My Aunt Joy passed away a few days ago. I’ve been trying to write this ever since. But am struggling with the words.
I come from a large extended family – lots of cousins, aunts, uncles. As I get older, more of those staples of my childhood are reaching their 80s and leaving us. This one hits harder. With people who’ve been in your life before you were even born, it’s hard to imagine it continuing without them. Or certain aspects anyway.
When I was a kid, my family would draw names of the 8 grandkids (me being one) and each of the 4 families would get 2 to buy for. My Aunt Joy always seemed to end up with me. Yup, the fix was in and I wasn’t complaining! She was a shopper and always went overboard. I lucked out.
Aunt Joy had been dealing with health challenges for years, and I knew this summer would likely be my last visits with her. So visit we did. And laugh we also did. And she got in some last gifts too. She bought me this hilarious mini tv that now sits on my desk and plays clips from Friends. Just because. Just because she saw it and knew I’d love it. She was a “just because” kind of gift giver.

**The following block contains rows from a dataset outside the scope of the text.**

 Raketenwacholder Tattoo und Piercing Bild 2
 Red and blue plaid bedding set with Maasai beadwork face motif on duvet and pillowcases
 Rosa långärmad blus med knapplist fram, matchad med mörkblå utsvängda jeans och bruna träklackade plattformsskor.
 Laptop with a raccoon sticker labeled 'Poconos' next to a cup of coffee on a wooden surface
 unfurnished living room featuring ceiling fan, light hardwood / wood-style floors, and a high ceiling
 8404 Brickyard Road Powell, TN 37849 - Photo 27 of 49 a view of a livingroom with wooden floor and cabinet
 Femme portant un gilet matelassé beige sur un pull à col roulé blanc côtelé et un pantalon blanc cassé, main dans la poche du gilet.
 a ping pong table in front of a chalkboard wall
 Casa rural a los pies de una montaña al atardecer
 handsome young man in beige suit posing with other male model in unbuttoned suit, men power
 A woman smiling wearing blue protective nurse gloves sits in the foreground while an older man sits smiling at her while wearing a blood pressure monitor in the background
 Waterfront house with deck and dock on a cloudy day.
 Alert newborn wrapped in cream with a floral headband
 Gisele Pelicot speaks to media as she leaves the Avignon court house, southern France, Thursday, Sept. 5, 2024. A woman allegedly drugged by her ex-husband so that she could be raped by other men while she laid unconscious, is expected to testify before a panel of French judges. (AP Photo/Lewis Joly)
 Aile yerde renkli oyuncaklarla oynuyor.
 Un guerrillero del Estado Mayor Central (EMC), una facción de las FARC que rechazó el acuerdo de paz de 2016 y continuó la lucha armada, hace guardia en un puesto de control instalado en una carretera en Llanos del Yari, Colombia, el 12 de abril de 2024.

We had our last meals too over the summer. Aunt Joy was Italian so food was love. Up until a couple months ago, she would be wheeling around on a desk chair in the kitchen, cooking away. As well as making fudge.
OH THE FUDGE! She made the best chocolate fudge like none I’ve tasted anywhere else. She would complain when she couldn’t get it quite right. No one else ever complained about a bad batch. And this summer her fudge was especially good. Extra love added I suppose.
Most of the time, fudge was for holidays and special occasions. But over the years, a box with fudge would appear on my doorstep to brighten my day. In college, it was a random care package. When my Dad died, it was about the only thing that would bring a smile. When I had Covid (the first time), the loss of taste was devastating – would I ever taste that melt in my mouth chocolate flavor again? It came back long before my sense of smell, just in time for a post-Covid care package from Aunt Joy.
Fudge was comfort.
Fudge was healing.
Fudge was love.
When I lost my Dad, it was sudden and unexpected. What I wouldn’t have given for moments at the end, to say all the things I didn’t get to say. The flip side is you have to watch as your loved one suffers. My cousin and I had discussed this a couple times recently and it’s hard to know which is worse. As awful as it is to know what’s coming, it’s hard to explain the gut punch that comes from a sudden loss.
But now Aunt Joy is hanging with Dad. And I guarantee one thing – his first words were, “where’s the fudge?”